Weather Datasets Project Team – The energy transition is shifting the impact of weather on grid planning and operations, from one where weather (chiefly temperature) plays a primary role in modulating peak load and its timing, to one where weather is instrumental in driving system risks across multiple interconnected dimensions. Impacts include: wind and solar generation, load shape and magnitude, storage charge/discharge, and drivers of traditional system outages. This task force seeks to convene a cross-disciplinary group of system engineers and atmospheric scientists to advance the application of weather data in power systems planning and operations.
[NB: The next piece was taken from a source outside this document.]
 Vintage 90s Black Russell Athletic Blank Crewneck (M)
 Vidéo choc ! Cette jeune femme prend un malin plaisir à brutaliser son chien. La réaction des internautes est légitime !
The focus will be on better use of existing weather inputs in resource adequacy analysis, including for capacity expansion and production cost modeling, and upon determining what is needed from a “next generation” dataset that will serve the needs of the sector throughout the energy transition.

Our main objectives are:

To establish best practices for using currently available weather data which typically imperfect and not applied in scientifically defensible ways.
Developing a detailed description of what is needed from a national power systems weather database in a format that can be translated into a request to DOE, FERC, or other entity for funding.
To provide recommendations on how high-impact, low-probability (HILP) events are likely to evolve and what planning should be done to prepare for such events.
To consider to what extent power systems modeling should endogenously simulate weather impacts with concurrent weather timeseries data, versus the current generally approach of managing weather impacts exogenously using typical or specific weather scenarios.

Project Team Lead: Justin Sharp, Sharply Focused